One final event that must occur prior to filing a bad faith cause of action is a determination that coverage for the loss exists and the extent of the coverage. In other words, there must be a final determination that the insurance company breached its contract and a final determination as to how much was owed by the insurance company under the contract.[5] For the purposes of filing a subsequent bad faith lawsuit, a final determination may be obtained through a jury verdict, confession of judgment, settlement without a release of bad faith, or a final determination by means of alternative dispute resolution.[6]

Bad faith does not occur in every insurance claim, but it is very important for an insured to understand exactly what bad faith is so that they will know to look out for it. Bad faith actions should be properly documented so that the insurance company can be held accountable for their actions/inactions. Some of the most common actions/inactions by insurance companies that may be considered bad faith are:

  1. Failing to make a good faith offer to settle when the insurance company could and should have done so,
  2. Making claims payments to insureds without specifically stating in writing what coverage provision allowed for it.

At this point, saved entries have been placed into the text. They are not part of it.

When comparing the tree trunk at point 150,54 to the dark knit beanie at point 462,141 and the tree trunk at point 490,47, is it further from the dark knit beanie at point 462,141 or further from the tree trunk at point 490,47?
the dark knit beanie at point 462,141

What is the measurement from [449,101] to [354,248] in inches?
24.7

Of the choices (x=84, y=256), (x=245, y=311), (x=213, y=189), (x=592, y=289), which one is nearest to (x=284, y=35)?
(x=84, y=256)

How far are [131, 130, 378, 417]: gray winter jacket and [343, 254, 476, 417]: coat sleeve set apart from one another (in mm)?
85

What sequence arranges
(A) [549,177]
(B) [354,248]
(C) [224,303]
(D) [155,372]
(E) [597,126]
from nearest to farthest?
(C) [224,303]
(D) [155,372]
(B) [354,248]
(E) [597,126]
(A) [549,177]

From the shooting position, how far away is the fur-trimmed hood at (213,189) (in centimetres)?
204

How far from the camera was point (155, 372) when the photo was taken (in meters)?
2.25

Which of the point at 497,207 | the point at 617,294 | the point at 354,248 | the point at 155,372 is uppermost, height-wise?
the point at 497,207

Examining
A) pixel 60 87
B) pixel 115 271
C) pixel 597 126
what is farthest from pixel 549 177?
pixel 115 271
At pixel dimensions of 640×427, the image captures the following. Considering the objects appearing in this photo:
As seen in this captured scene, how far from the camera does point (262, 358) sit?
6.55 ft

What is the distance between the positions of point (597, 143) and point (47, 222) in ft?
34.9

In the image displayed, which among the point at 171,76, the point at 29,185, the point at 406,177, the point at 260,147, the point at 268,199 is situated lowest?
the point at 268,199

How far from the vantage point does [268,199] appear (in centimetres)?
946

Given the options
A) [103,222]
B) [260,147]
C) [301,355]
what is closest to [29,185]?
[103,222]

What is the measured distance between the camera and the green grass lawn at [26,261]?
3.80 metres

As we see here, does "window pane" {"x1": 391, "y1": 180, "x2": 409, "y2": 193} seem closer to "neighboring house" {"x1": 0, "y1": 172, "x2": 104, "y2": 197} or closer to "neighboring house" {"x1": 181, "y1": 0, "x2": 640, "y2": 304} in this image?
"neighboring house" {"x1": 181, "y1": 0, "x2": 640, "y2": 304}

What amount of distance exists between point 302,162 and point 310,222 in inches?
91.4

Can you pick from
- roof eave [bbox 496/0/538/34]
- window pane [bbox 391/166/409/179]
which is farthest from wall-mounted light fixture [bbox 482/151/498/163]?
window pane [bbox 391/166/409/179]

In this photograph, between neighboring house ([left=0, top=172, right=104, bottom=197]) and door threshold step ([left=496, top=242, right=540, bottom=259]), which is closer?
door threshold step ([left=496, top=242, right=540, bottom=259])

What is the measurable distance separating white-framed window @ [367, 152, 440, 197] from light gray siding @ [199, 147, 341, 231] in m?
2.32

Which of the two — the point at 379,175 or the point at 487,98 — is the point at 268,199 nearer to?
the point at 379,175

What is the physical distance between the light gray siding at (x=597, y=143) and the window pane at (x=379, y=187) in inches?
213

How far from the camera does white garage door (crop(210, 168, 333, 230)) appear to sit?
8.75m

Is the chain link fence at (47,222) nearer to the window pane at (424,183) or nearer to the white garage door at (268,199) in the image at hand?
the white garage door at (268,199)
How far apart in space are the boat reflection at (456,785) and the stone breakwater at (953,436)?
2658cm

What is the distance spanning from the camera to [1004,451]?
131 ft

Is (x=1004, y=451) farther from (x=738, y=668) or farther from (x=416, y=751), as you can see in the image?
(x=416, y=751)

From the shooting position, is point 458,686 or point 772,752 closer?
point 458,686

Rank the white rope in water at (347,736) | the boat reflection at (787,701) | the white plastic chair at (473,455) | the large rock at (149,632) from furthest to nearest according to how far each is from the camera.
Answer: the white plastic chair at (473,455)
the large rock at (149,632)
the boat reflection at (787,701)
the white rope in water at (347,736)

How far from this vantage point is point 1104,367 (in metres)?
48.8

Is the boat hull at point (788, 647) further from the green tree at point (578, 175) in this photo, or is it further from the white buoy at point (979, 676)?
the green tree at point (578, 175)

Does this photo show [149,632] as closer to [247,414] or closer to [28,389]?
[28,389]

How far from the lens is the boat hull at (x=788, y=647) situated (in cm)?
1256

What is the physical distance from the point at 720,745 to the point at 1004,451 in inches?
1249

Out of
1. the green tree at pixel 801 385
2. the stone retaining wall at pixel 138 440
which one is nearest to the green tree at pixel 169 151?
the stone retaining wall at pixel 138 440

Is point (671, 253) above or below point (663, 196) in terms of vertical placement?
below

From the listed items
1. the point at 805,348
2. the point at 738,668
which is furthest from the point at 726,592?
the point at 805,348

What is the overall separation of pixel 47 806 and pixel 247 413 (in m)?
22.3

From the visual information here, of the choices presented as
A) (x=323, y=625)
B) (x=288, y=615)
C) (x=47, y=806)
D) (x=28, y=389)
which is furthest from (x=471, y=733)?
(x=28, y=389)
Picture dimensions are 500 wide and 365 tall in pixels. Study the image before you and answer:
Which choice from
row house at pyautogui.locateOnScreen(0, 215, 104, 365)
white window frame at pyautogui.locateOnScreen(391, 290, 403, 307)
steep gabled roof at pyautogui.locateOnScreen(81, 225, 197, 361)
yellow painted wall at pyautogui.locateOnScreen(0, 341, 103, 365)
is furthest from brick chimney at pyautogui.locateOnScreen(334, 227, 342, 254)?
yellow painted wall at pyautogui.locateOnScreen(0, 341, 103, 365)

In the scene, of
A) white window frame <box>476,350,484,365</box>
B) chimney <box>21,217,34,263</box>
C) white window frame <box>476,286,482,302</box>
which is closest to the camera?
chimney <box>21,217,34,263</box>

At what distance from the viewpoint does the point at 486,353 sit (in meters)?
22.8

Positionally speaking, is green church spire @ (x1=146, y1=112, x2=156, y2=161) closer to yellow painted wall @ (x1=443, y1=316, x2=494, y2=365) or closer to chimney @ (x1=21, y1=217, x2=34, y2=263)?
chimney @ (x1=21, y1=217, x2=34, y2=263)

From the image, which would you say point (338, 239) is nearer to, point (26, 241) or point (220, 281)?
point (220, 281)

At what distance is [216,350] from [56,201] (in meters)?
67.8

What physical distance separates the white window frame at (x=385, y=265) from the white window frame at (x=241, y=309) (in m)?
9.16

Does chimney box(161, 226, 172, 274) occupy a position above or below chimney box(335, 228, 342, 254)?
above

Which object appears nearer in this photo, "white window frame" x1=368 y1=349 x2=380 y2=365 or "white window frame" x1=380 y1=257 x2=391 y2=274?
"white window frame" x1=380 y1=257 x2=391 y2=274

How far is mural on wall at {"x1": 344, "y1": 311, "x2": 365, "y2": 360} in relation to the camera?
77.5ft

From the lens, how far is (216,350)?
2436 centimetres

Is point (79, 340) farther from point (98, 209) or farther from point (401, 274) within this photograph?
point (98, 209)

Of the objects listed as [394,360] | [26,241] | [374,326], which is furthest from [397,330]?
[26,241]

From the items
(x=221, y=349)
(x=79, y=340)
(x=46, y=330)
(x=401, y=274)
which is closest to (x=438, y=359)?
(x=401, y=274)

  3. When multiple claims exist, failing to settle one claim in order to influence a settlement of another claim under a different portion of the policy.
  4. Refusing to provide the insurance policy upon request by the insured.

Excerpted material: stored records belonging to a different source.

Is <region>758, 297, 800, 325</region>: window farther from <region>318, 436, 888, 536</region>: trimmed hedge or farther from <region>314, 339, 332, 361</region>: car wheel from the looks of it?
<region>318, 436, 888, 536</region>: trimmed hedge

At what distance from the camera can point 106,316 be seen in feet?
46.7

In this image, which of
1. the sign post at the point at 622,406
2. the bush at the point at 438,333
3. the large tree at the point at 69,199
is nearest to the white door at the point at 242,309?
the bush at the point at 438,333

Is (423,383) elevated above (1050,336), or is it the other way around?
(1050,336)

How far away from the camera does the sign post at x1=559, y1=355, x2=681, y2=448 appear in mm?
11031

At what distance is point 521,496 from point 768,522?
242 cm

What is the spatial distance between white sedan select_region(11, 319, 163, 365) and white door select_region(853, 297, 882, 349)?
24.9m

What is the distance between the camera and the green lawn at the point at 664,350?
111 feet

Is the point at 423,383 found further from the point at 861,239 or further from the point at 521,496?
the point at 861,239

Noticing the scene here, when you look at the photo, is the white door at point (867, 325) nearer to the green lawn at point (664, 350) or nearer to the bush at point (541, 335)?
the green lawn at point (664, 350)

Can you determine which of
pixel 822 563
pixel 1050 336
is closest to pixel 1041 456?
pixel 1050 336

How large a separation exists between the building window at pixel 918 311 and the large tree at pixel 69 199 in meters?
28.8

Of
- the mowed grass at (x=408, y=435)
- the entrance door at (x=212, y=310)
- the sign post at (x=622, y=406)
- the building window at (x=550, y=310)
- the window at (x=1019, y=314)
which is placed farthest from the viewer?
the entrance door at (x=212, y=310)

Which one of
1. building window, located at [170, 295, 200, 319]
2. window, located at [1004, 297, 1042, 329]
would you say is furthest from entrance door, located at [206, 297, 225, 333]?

  5. Delaying settlement when the obligation to settle is reasonably clear.
  6. Material misrepresentations.
  7. Not acknowledging or acting promptly with regard to communications from the insured.
  8. Denying claims without conducting a reasonable investigation.
  9. Misrepresenting pertinent facts or policy provisions relating to coverages at issue.
  10. Failing to make a coverage determination or provide a written statement as to the investigation within 30 days after the proof of loss has been submitted.
  11. Not providing a reasonable explanation in writing for a denial or offer for a compromised settlement offer.
  12. Failure to promptly notify the insured of additional information necessary to process a claim or clearly explain the nature of requested information and the reason why the information is necessary.
  13. Failure to pay undisputed amounts within 90 days after being notified of the loss.

Once a bad faith claim becomes viable, a subsequent bad faith cause of action must be filed and litigated before damages for bad faith can be assessed. If the insured prevails on the subsequent bad faith claim then there are several additional damages available to the insured. Attorney’s fees, total damages, interest, consequential damages, and punitive damages can be assessed in statutory bad faith claims. Compensatory damages include those which are a “reasonably foreseeable” result of a violation and can include damages above and beyond the policy limits. Fla. Stat. 768.73 limits punitive damages to three times the amount of the compensatory or $500,000, whichever is greater.